ACC games have Roy Williams remembering Muggsy Bogues and Spud Webb

Virginia and ESPN’s College GameDay crew are at Duke’s Cameron Indoor Stadium Saturday for an ACC first-place showdown. The unbeaten Cavaliers (16-0) are 4-0 in conference play and the Blue Devils 14-2 and 3-1.

But what about the other 3-1 teams in range of a first-place tie if Duke wins?

After all, there are four of them, led by original Tobacco Road OG North Carolina. Other Saturday games feature the Tar Heels (13-4, 3-1) at Miami (9-7, 1-3), Virginia Tech (14-2, 3-1) hosting Wake Forest (8-8, 1-3), Louisville (13-4, 3-1) is at Georgia Tech (10-7, 2-2) and Syracuse (12-5, 3-1) has a home game against Pitt (12-5, 2-2).

It’s way too early to pare down the ACC to a two-horse race, especially with North Carolina capable of blending its experience and youth into a potent combination.
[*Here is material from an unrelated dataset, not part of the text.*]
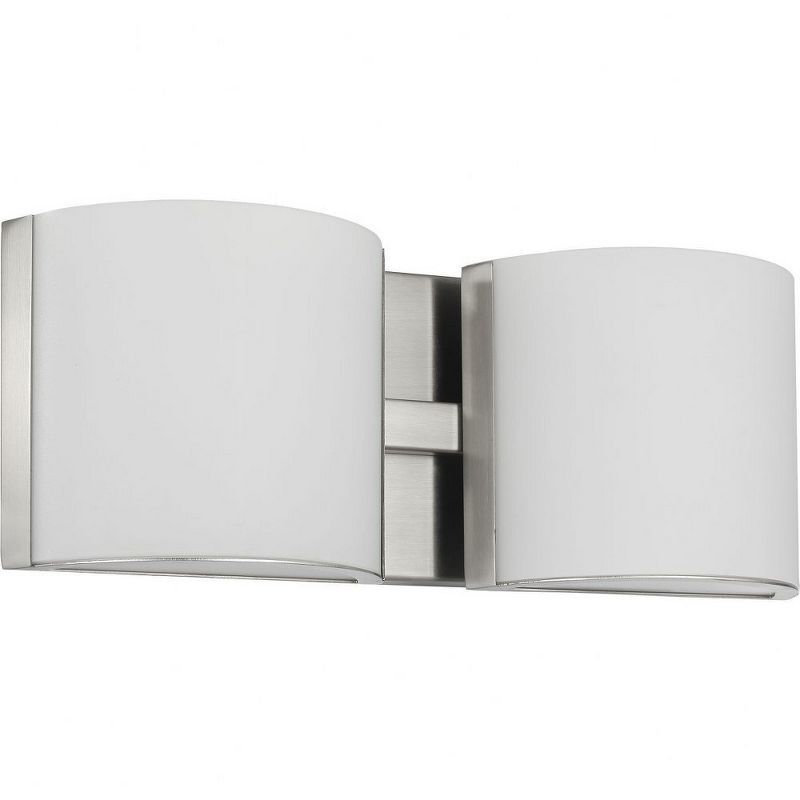 Brushed Nickel Two-Light LED Bath Fixture with Etched Glass Shades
Old-time ACC fans complain about the footprint expanded beyond the original Tobacco Road schools, but the conference race isn’t over until North Carolina and Duke meet twice on the most heavily trod Tobacco Road turf in the last month in the ESPN-orchestrated schedule.

North Carolina has eight conference games before the first of the two ACC tests with Duke, starting Saturday with Miami led by point guard Chris Lykes. He’s enjoying a breakout sophomore season despite his lack of size as a 5-foot-7, 157-pounder.
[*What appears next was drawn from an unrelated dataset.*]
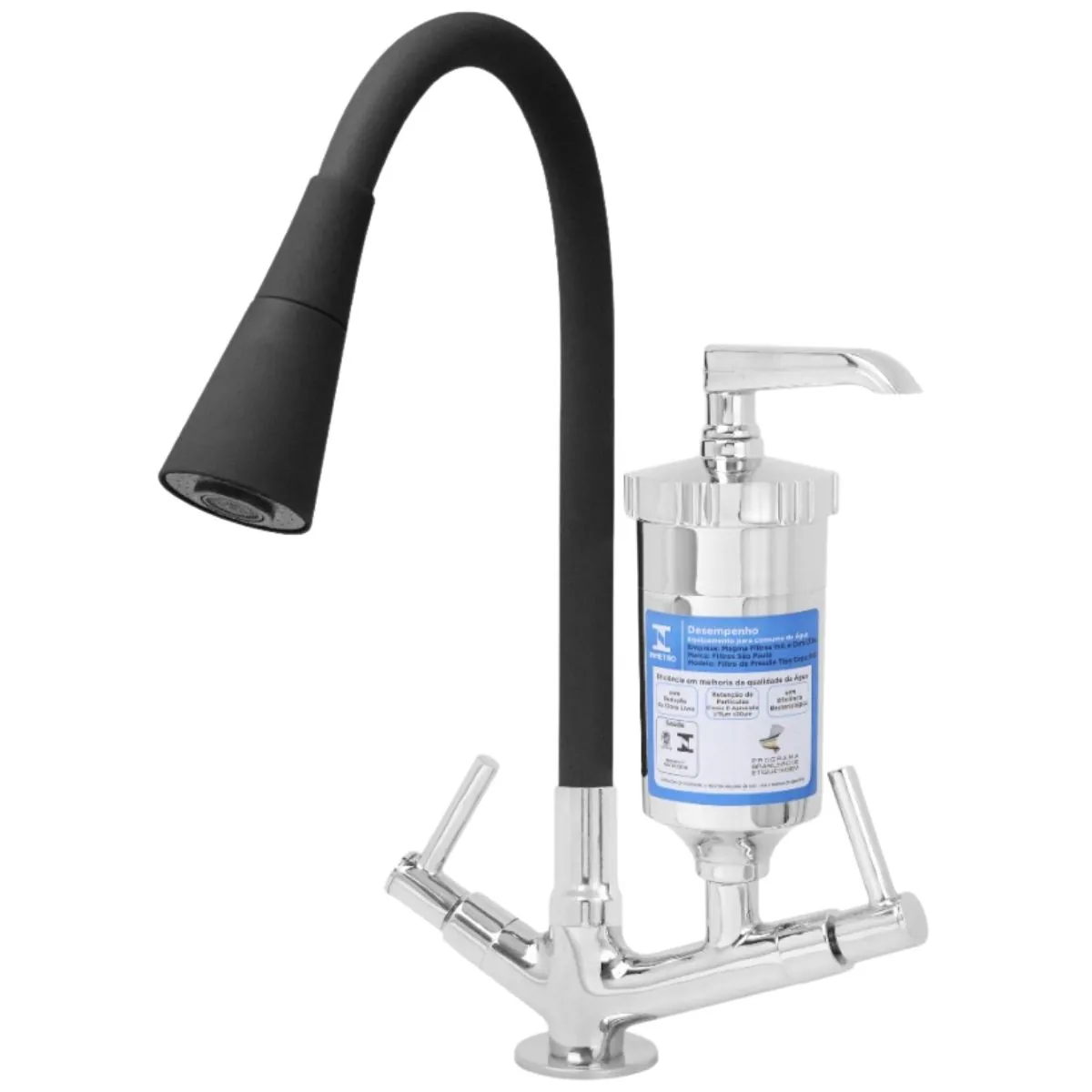 Torneira Filtro Gourmet Flexível Cozinha Bancada Cone Preto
Williams isn’t underestimating Lykes, who has improved his numbers as a freshman last year from 9.6 points a game to 17.9 this year, from 2.3 assists to 3.6 and 0.8 steals to 1.4. He said Lykes quickness on the drive and ability to shoot make him tough to guard.

“You back off of him and he can shoot,” he said. “You get up on him and he goes by you. He’s small so he gets through the cracks; he can split ball screens.”

In fact, Lykes is a throwback player The Tar Heels’ 68-year-old coach was an assistant for the late Dean Smith, even though this is an era in basketball with an emphasis on perimeter players with length. Muggsy Bogues (5-3, 135) played at Wake Forest (1983-87) and Spud Webb (5-7, 133) played at N.C. State (1983-85); both went on to long NBA careers.

“Muggsy Bogues is one of the greatest players I ever seen. I was here when Spud Webb played. We had some little guys that were hard to handle, but it starts with Mugsh. I thought he was the best player of that size I’ve ever seen. Guys were afraid of him. Guys that were high school All-Americans were turning their heads wondering where he was instead of playing the game.”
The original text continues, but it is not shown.